The intersection of two multibillion dollar industries (glass and wine) is the subject of a new book, The Glass of Wine, by J.F. and P.L. Shackelford, published by Wiley in conjunction with the American Ceramic Society. This seminar will review the historical intertwining of glass and wine along with discussions of the culture and tradition of glass bottle and stemware designs. Such discussions lead to issues of sustainability that further raise questions about the continuing dominance of glass as the material of choice for this popular beverage.

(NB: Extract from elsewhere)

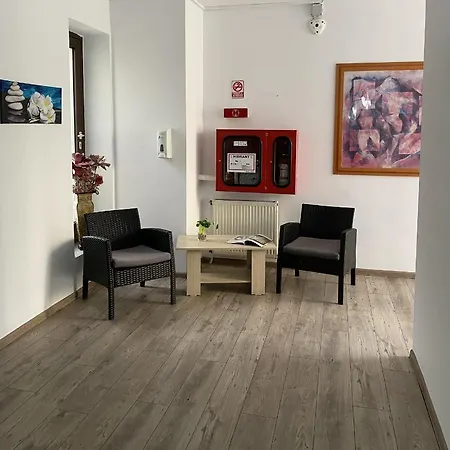 鲁耶维爵士酒店 酒店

Bio: James F. Shackelford has bachelor's and master's degrees in ceramic engineering from the University of Washington and a doctorate in materials science and engineering from UC Berkeley. Following a postdoctoral fellowship at McMaster University in Canada, he joined UC Davis, where he is currently Distinguished Professor Emeritus in the Department of Materials Science and Engineering. For many years, he served as the associate dean for undergraduate studies in the College of Engineering and later as the director of the university Honors Program that serves students from a wide spectrum of majors. Shackelford also served as associate director for education for the National Science Foundation (NSF)-funded Center for Biophotonics Science and Technology and as faculty assistant to the director of the McClellan Nuclear Research Center at UC Davis. He teaches and conducts research in the structural characterization and processing of materials, focusing on glasses and biomaterials. His current focus in teaching is doing so through online technologies. A member of the American Ceramic Society and ASM International, he was named a fellow of the American Ceramic Society in 1992, a fellow of ASM International in 2011, and received the Outstanding Educator Award of the American Ceramic Society in 1996. In 2003, he received a Distinguished Teaching Award from the Academic Senate of UC Davis. In 2012, he received the Outstanding Teaching Award of the College of Engineering at UC Davis, and in 2014, he received an Outstanding Service Award from UC Davis Extension. In 2016, Shackelford accepted the inaugural Award for Outstanding Contributions to Materials Education at the North American Materials Education Symposium held at UC Berkeley. He has published well over 100 archived papers and books including Introduction to Materials Science for Engineers now in its 8th Edition and which has been translated into Chinese, German, Italian, Japanese, Korean, Portuguese and Spanish and the CRC Materials Science and Engineering Handbook now in its 4th Edition.